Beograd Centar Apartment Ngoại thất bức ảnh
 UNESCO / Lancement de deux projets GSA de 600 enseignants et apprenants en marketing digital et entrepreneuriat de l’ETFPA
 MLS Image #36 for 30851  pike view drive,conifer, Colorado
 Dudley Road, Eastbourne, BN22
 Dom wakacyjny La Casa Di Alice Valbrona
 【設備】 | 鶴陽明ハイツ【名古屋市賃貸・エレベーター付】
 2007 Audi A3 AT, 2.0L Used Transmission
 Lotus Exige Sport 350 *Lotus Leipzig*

▶ **EXERCISE**
This exercise calls for repeating every line of the data exactly.

▶ **WORKED SOLUTION**
Beograd Centar Apartment Ngoại thất bức ảnh
 UNESCO / Lancement de deux projets GSA de 600 enseignants et apprenants en marketing digital et entrepreneuriat de l’ETFPA
 MLS Image #36 for 30851  pike view drive,conifer, Colorado
 Dudley Road, Eastbourne, BN22
 Dom wakacyjny La Casa Di Alice Valbrona
 【設備】 | 鶴陽明ハイツ【名古屋市賃貸・エレベーター付】
 2007 Audi A3 AT, 2.0L Used Transmission
 Lotus Exige Sport 350 *Lotus Leipzig*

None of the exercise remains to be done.